Invariants for links from classical and affine Yokonuma--Hecke algebras

TL;DR

This paper constructs a new family of link invariants using affine Yokonuma--Hecke algebras, relating them to affine Hecke algebras, and simplifies the study of these invariants based on link components.

Contribution

It introduces a novel method to generate link invariants from affine Yokonuma--Hecke algebras via an isomorphism with affine Hecke algebras, reducing the complexity of their analysis.

Findings

Constructed a large class of 3-variable polynomial invariants for links.

Reduced the number of invariants needed to describe links based on their components.
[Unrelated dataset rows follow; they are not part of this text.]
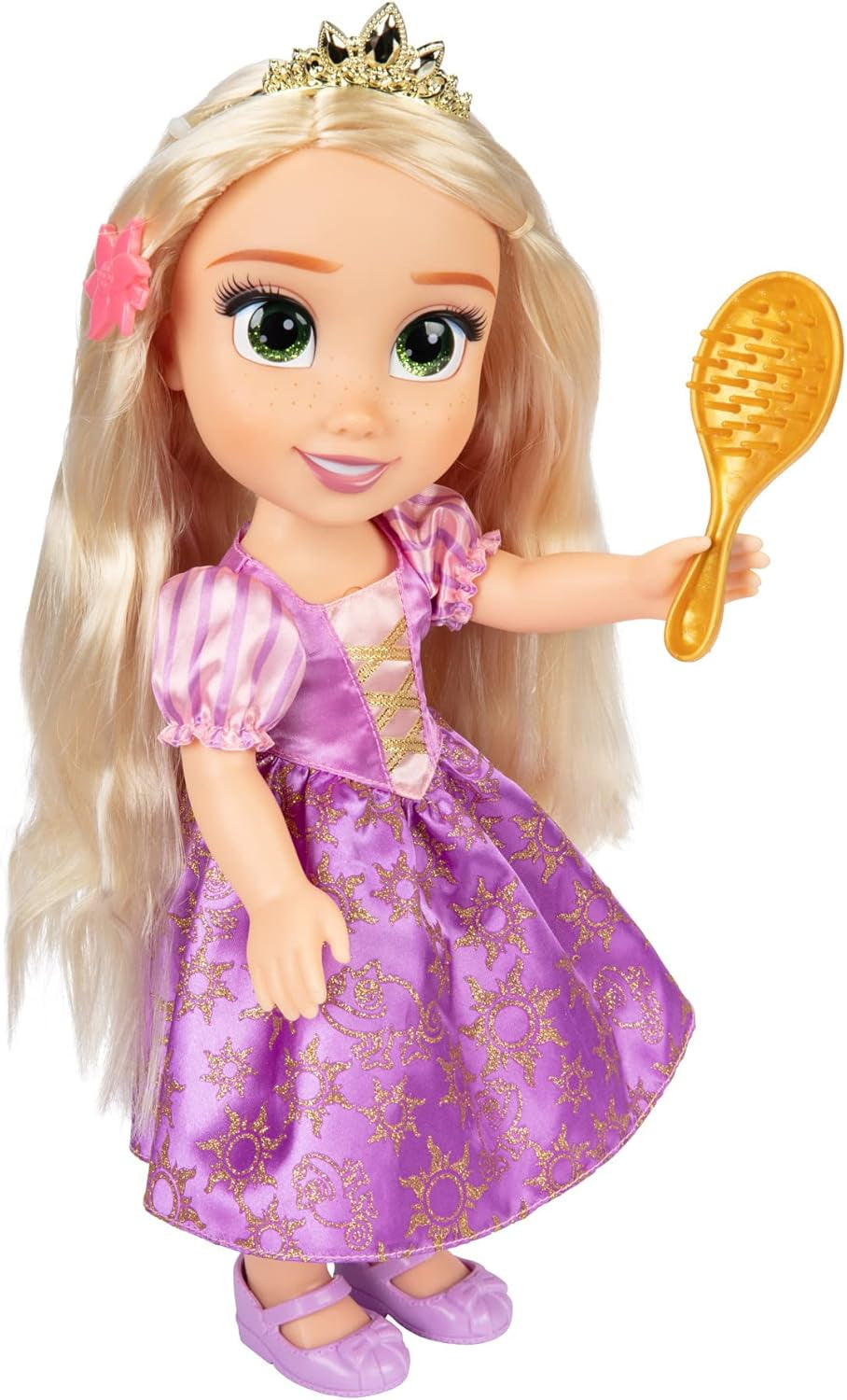 Păpușa cântătoare Disney Princess Rapunzel 35 cm, cântă „I See The Light”, include accesorii pentru mai multă distracție, perfectă pentru fetițe cu vârsta de 3 ani și peste, violet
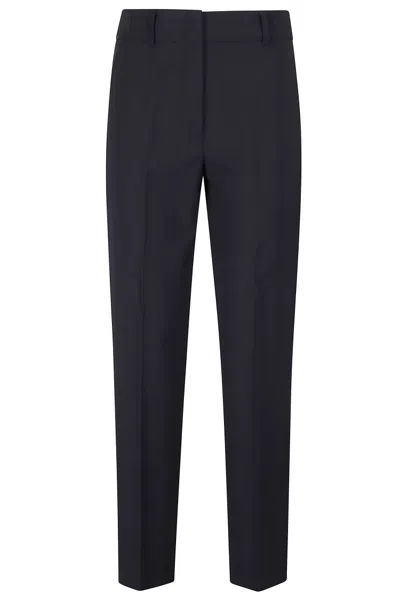SEVENTY SEVENTY FRESH WOOL TROUSERS - BLUE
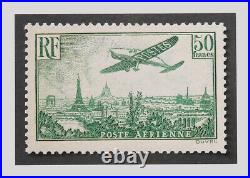 France 1936 Pa 14 Avion Survolant Paris (signé Calves) Mnh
Established a connection between invariants for classical and affine Yokonuma--Hecke algebras.

Abstract

We present a construction of invariants for links using an isomorphism theorem for affine Yokonuma--Hecke algebras. The isomorphism relates affine Yokonuma--Hecke algebras with usual affine Hecke algebras. We use it to construct a large class of Markov traces on affine Yokonuma--Hecke algebras, and in turn, to produce invariants for links in the solid torus. By restriction, this construction contains the construction of invariants for classical links from classical Yokonuma--Hecke algebras. In general, the obtained invariants form an infinite family of 3-variables polynomials. As a consequence of the construction via the isomorphism, we reduce the number of invariants to study, given the number of connected components of a link. In particular, if the link is a classical link with N components, we show that N invariants generate the whole family.